Records to process Start Marker

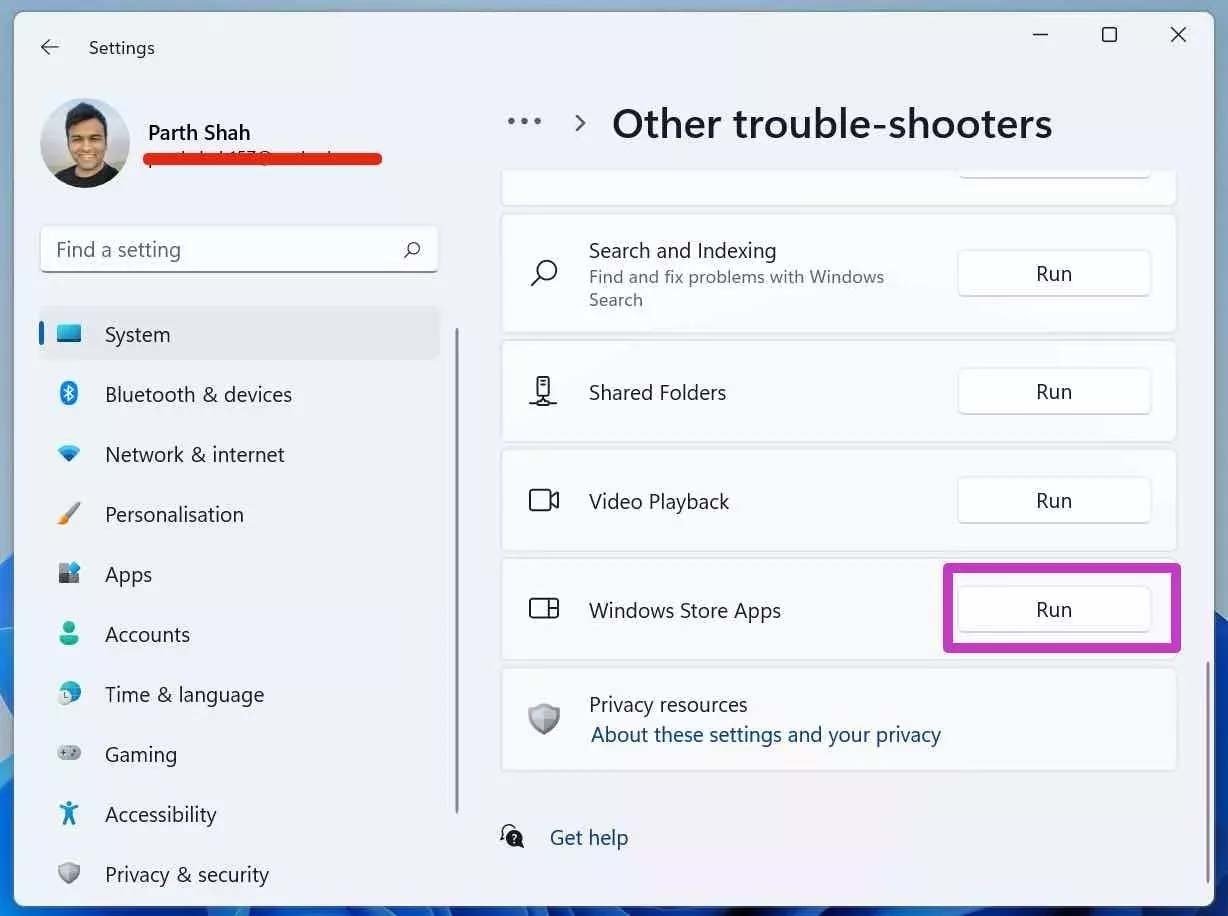 Запустите средство устранения неполадок приложений магазина Windows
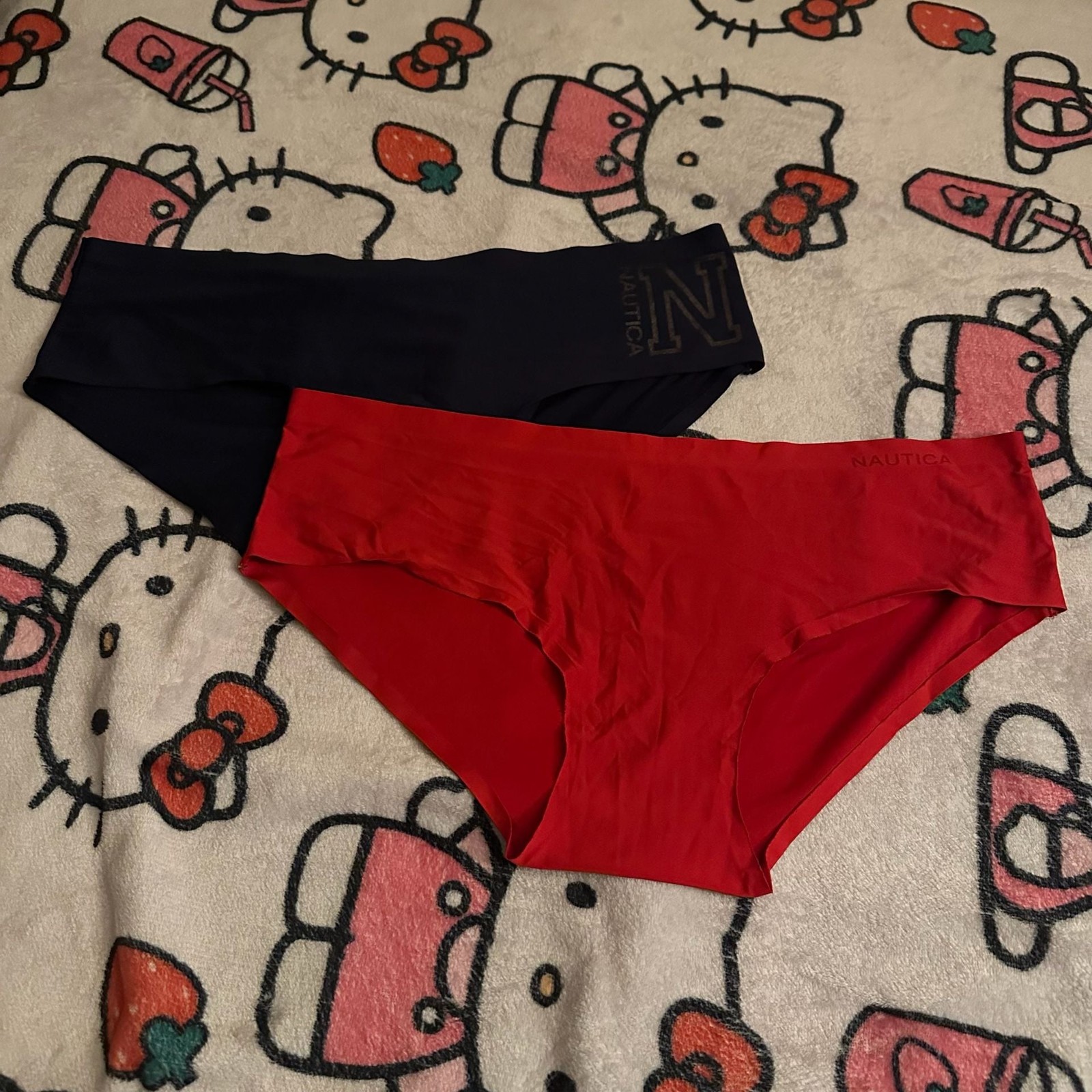 Nautica Women\'s Solid No-Show Brief Underwear 2-Pack Red and Navy Blue Nautica Women\'s Solid No-Show Brief Underwear 2-Pack Red and Navy Blue
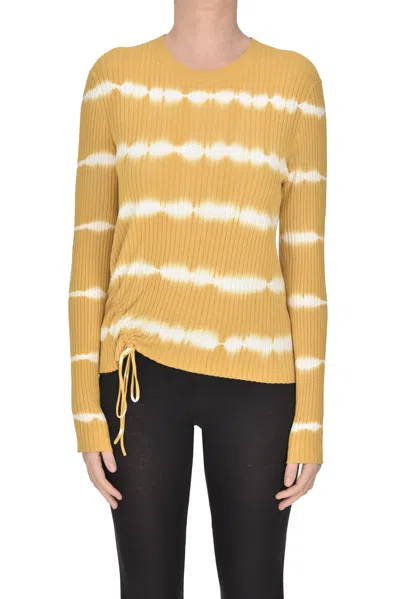 Ps By Paul Smith Ribbed Tie Dye Pullover In Yellow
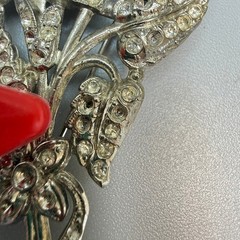 Large Vintage Pot Metal Brooch Silver Tone Rhinestone Floral 30s 40s Era READ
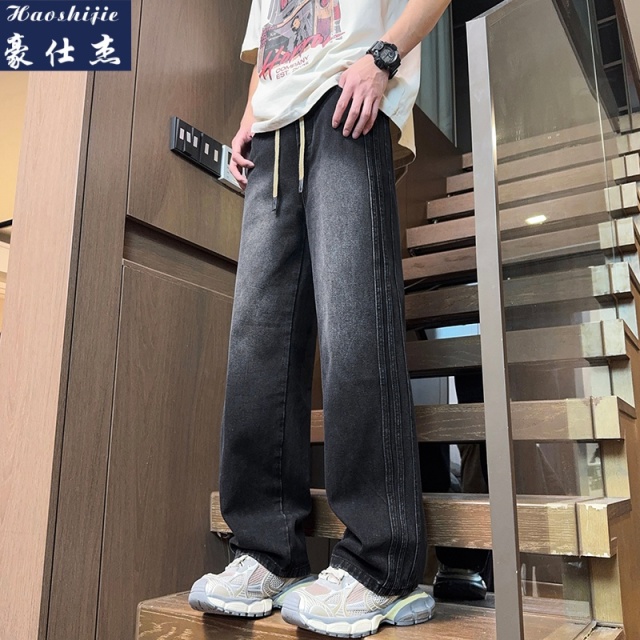 13749211.《舒适透气》牛仔裤男宽松春季青少年阔腿裤学生长裤直筒裤男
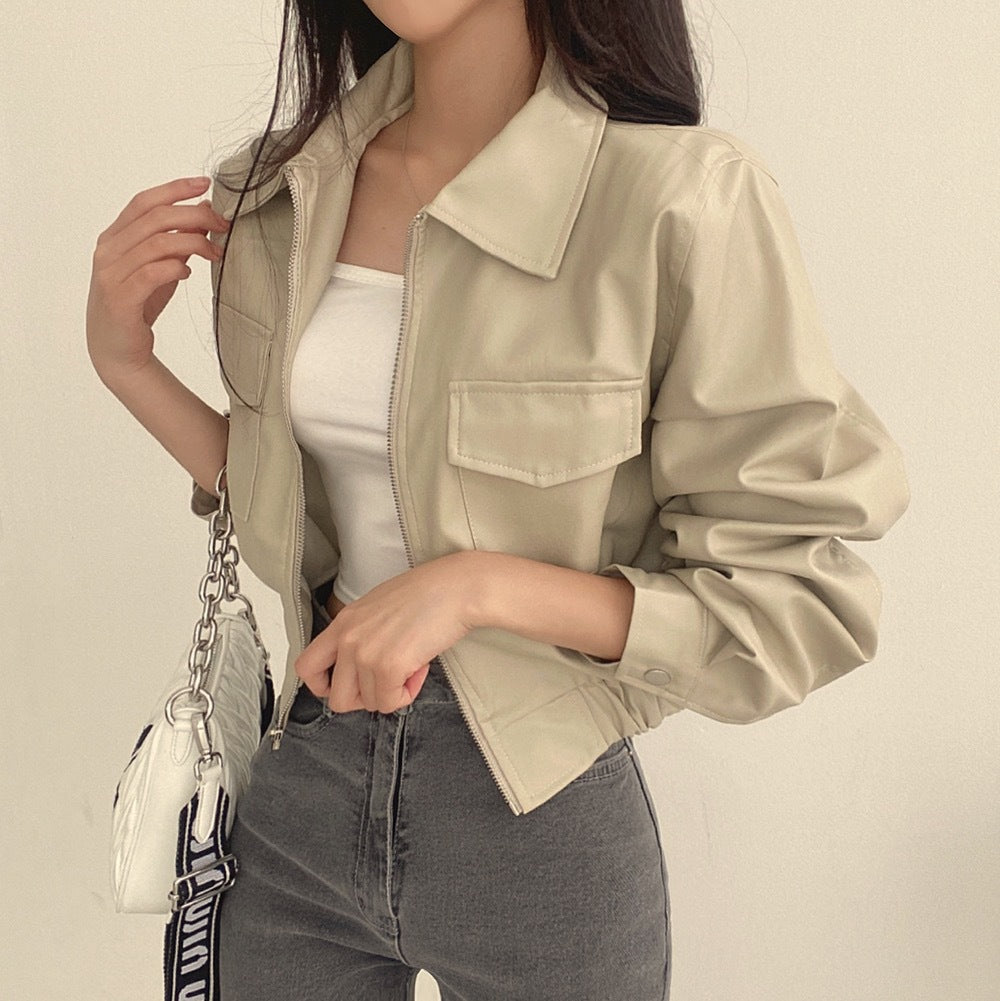 Women’s Double Pocket Faux Leather Lapel Coat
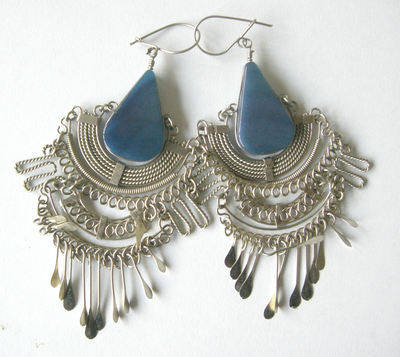 Mexican earrings Silver with Stone - MEX203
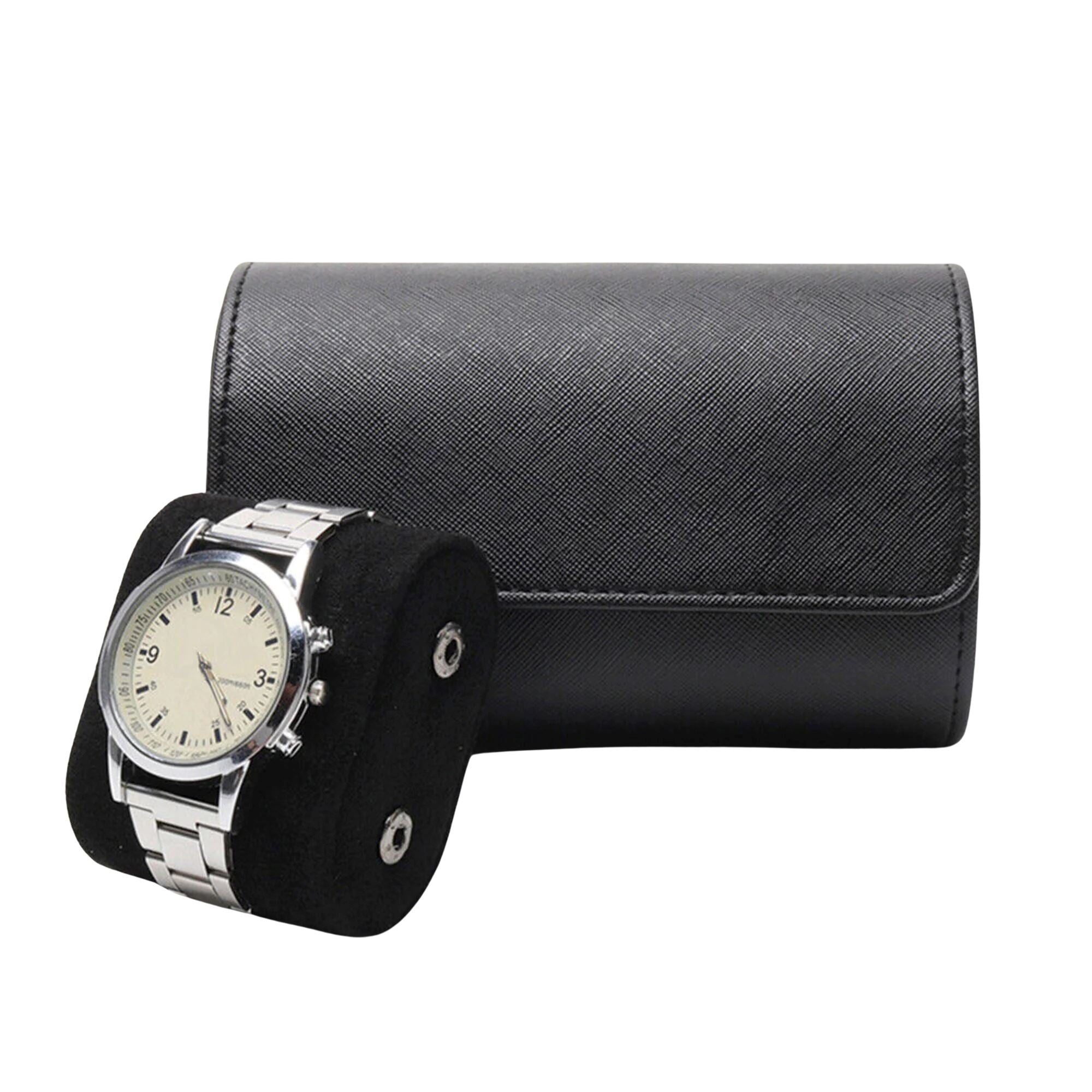 Watch Roll Case for 2 in Black Vegan Leather Watch Boxes Clinks 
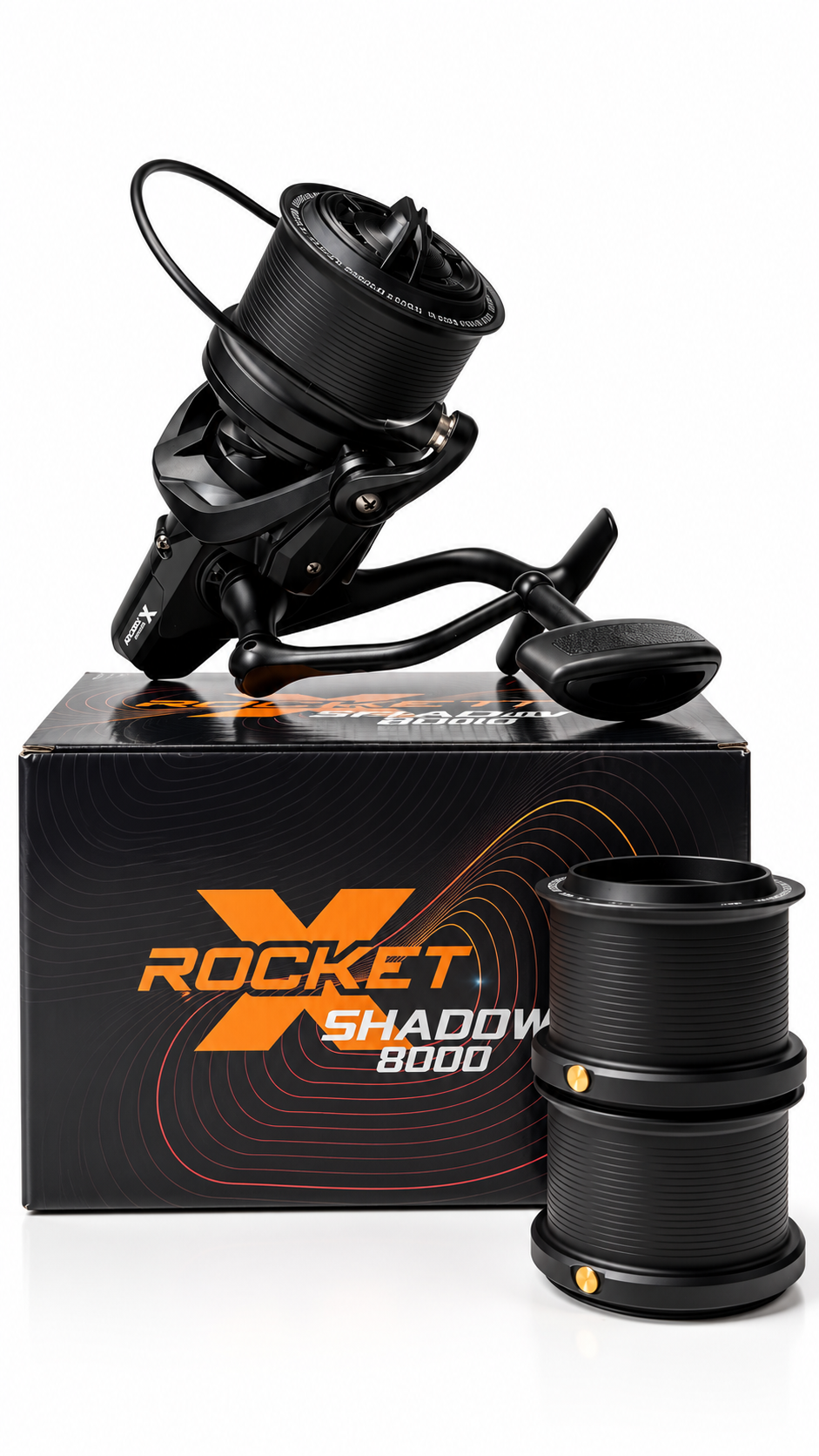 Reel Frontal Rocket Shadow 8000 - 3 Carreteles - Surfcasting Negro Derecho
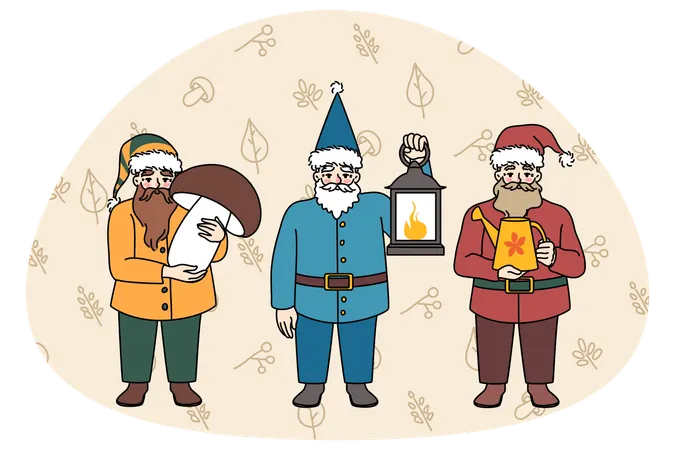 Funny small garden gnomes collection  Illustration
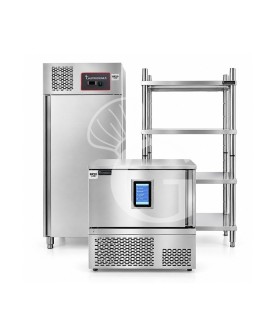 Kit Restaurante: Armario Refrigerado 650 L, Estantería Inox 4 Estantes y Abatidor Digital 5 Bandejas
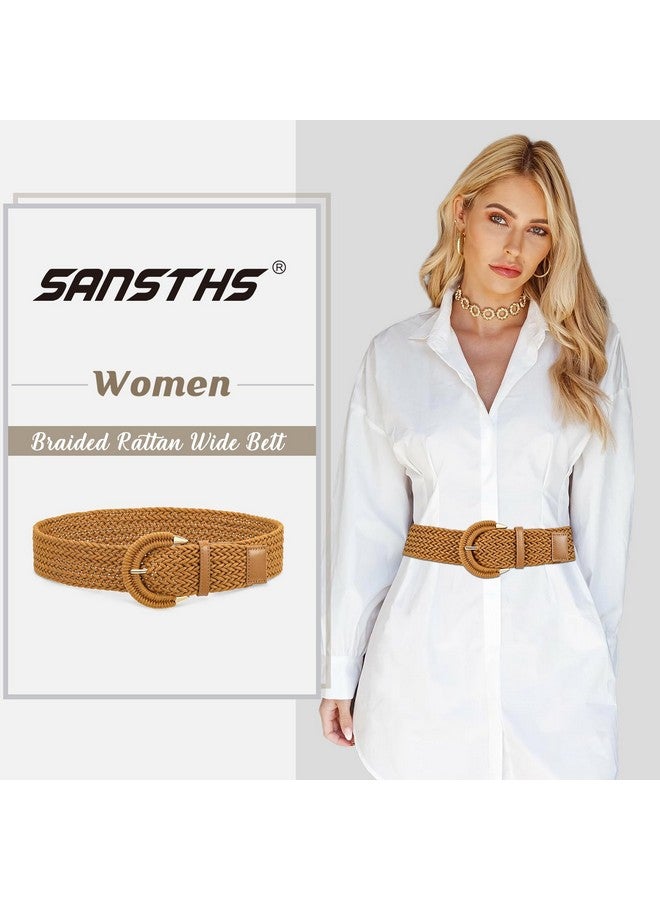 Women Braided Rattan Wide Belt Woven Waist Belt With Halfcircle Buckle For Summer Dress Jeans Pantsbrownm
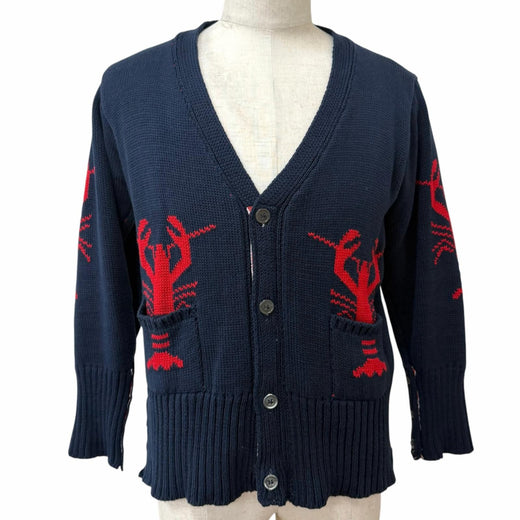 Great THOM BROWNE cardigan lobster Navy cotton mens 3 MKC001BKC139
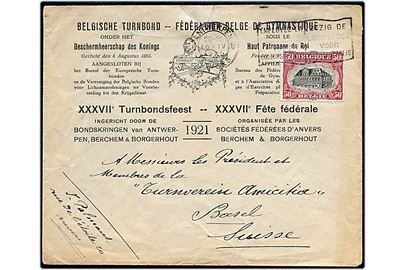 50 c. på fortrykt illustreret kuvert fra det Belgiske Gymnastikforbund i Antwerpen d. 16.4.1921 til Basel, Schweiz. På bagsiden gymnastik mærkat.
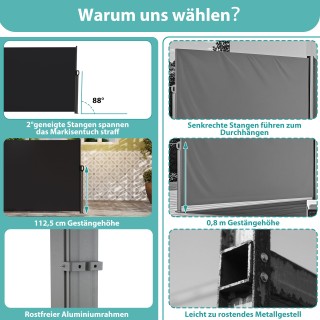 Costway Πτυσσόμενο Ανεμοφράχτης Αλουμινίου για Μπαλκόνι 300x18x160... Costway Πτυσσόμενο Ανεμοφράχτης Αλουμινίου για Μπαλκόνι 300x18x160...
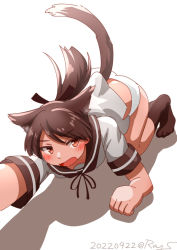 Rule 34 | 1girl, all fours, animal ears, brown eyes, brown hair, brown sailor collar, cat ears, cat tail, commentary request, kantai collection, no pants, one-hour drawing challenge, panties, ponytail, ray.s, sailor collar, school uniform, serafuku, shikinami (kancolle), shirt, short hair, simple background, solo, tail, underwear, white background, white panties, white shirt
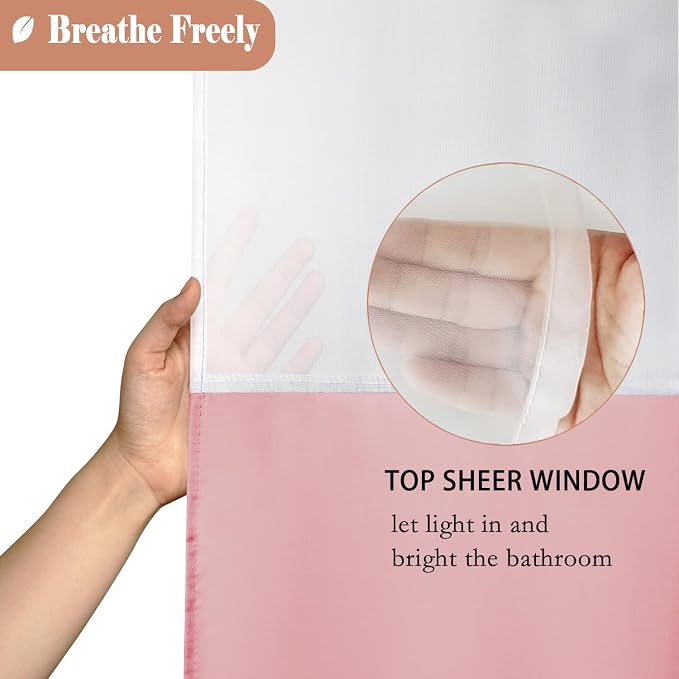 UFRIDAY Pink Shower Curtain Decorative Polyester Fabric Shower Curtain for Bathroom with Sheer Window Set 72 x 72 Inch for Girls Woman Lady,Light Pink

Records to process End Marker

▶ Action item
Please set down each line of the listing above word for word, skipping any pictures.

▶ Response box
 Запустите средство устранения неполадок приложений магазина Windows
 Nautica Women\'s Solid No-Show Brief Underwear 2-Pack Red and Navy Blue Nautica Women\'s Solid No-Show Brief Underwear 2-Pack Red and Navy Blue
 Ps By Paul Smith Ribbed Tie Dye Pullover In Yellow
 Large Vintage Pot Metal Brooch Silver Tone Rhinestone Floral 30s 40s Era READ
 13749211.《舒适透气》牛仔裤男宽松春季青少年阔腿裤学生长裤直筒裤男
 Women’s Double Pocket Faux Leather Lapel Coat
 Mexican earrings Silver with Stone - MEX203
 Watch Roll Case for 2 in Black Vegan Leather Watch Boxes Clinks 
 Reel Frontal Rocket Shadow 8000 - 3 Carreteles - Surfcasting Negro Derecho
 Funny small garden gnomes collection  Illustration
 Kit Restaurante: Armario Refrigerado 650 L, Estantería Inox 4 Estantes y Abatidor Digital 5 Bandejas
 Women Braided Rattan Wide Belt Woven Waist Belt With Halfcircle Buckle For Summer Dress Jeans Pantsbrownm
 Great THOM BROWNE cardigan lobster Navy cotton mens 3 MKC001BKC139
 50 c. på fortrykt illustreret kuvert fra det Belgiske Gymnastikforbund i Antwerpen d. 16.4.1921 til Basel, Schweiz. På bagsiden gymnastik mærkat.
 Costway Πτυσσόμενο Ανεμοφράχτης Αλουμινίου για Μπαλκόνι 300x18x160... Costway Πτυσσόμενο Ανεμοφράχτης Αλουμινίου για Μπαλκόνι 300x18x160...
 Rule 34 | 1girl, all fours, animal ears, brown eyes, brown hair, brown sailor collar, cat ears, cat tail, commentary request, kantai collection, no pants, one-hour drawing challenge, panties, ponytail, ray.s, sailor collar, school uniform, serafuku, shikinami (kancolle), shirt, short hair, simple background, solo, tail, underwear, white background, white panties, white shirt
 UFRIDAY Pink Shower Curtain Decorative Polyester Fabric Shower Curtain for Bathroom with Sheer Window Set 72 x 72 Inch for Girls Woman Lady,Light Pink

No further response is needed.